◆ The problem
All of the data that follows is to be printed exactly, without pictures.

◆ The data
________________

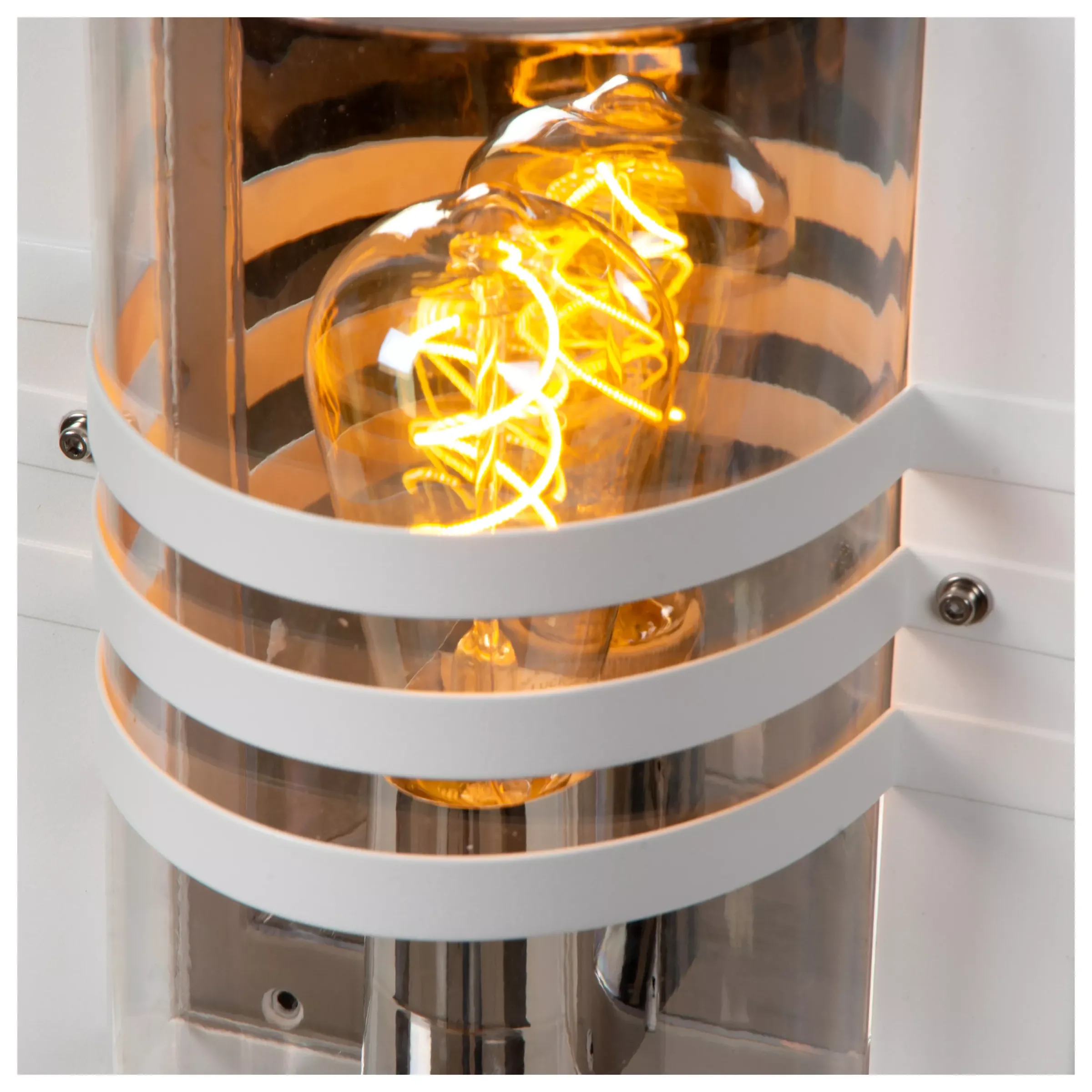 PRIVAS - Wandlamp Binnen/Buiten - 1xE27 - IP44 - Wit*Lucide Hot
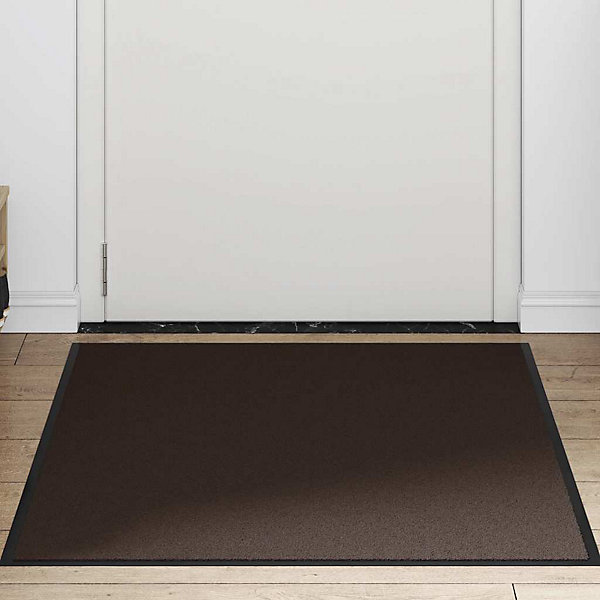 Paillasson Marron 80x120 cm vidaXL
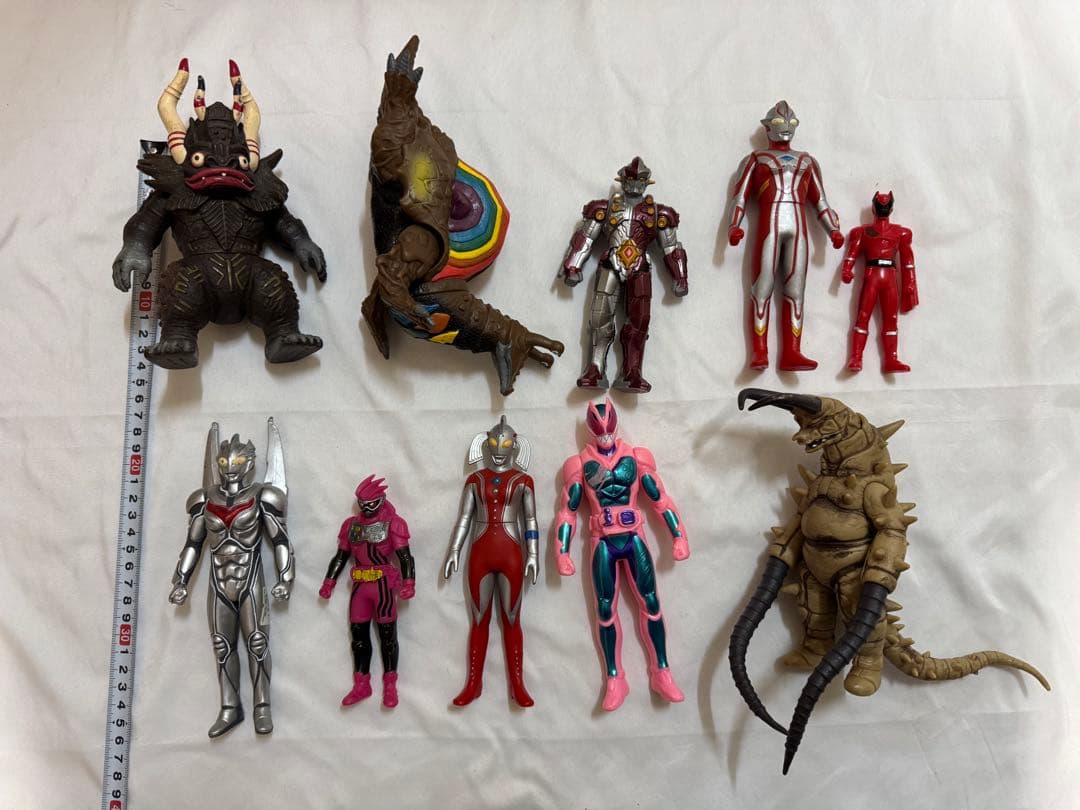 特撮ソフビ　まとめ売り　ウルトラ怪獣　バトラ　ソフビ　フィギュア　メルバ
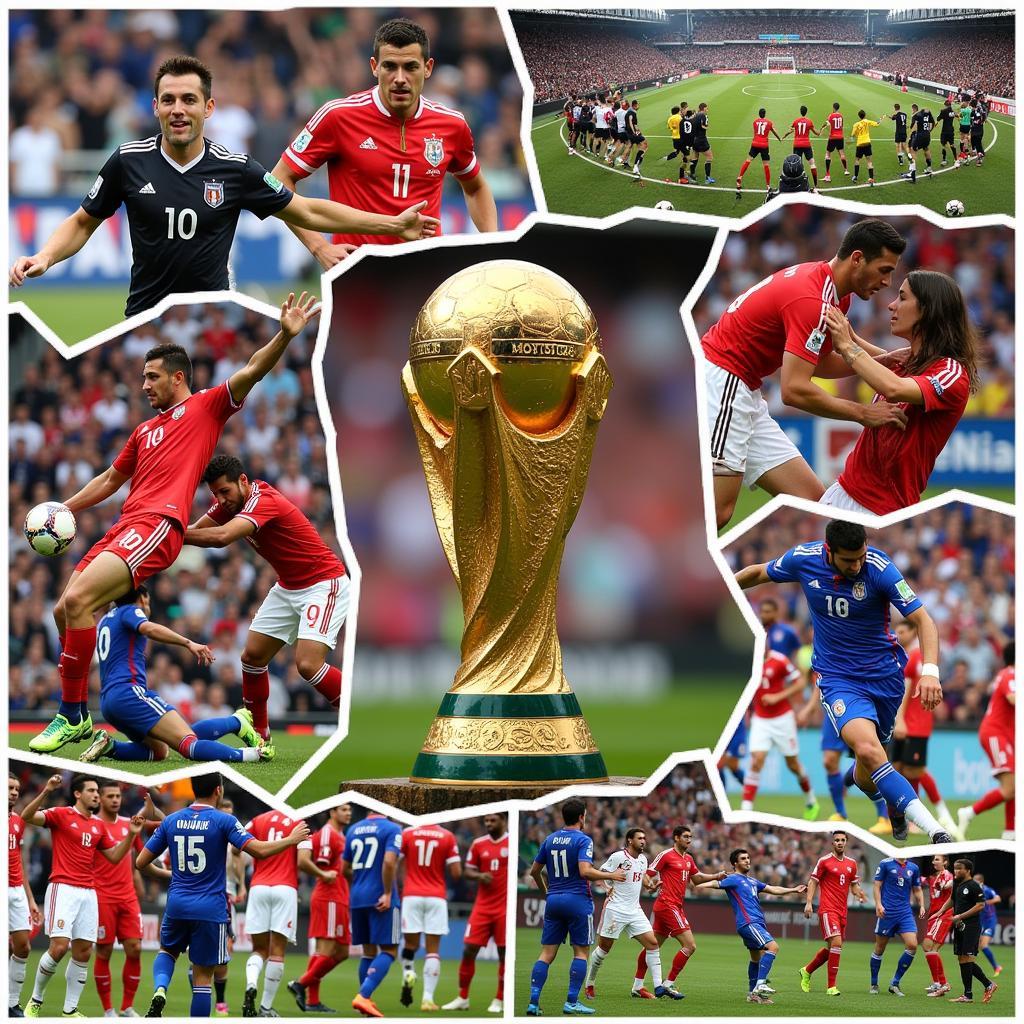 Khoảnh Khắc Đáng Nhớ World Cup 2018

________________

◆ Answer section
 PRIVAS - Wandlamp Binnen/Buiten - 1xE27 - IP44 - Wit*Lucide Hot
 Paillasson Marron 80x120 cm vidaXL
 特撮ソフビ　まとめ売り　ウルトラ怪獣　バトラ　ソフビ　フィギュア　メルバ
 Khoảnh Khắc Đáng Nhớ World Cup 2018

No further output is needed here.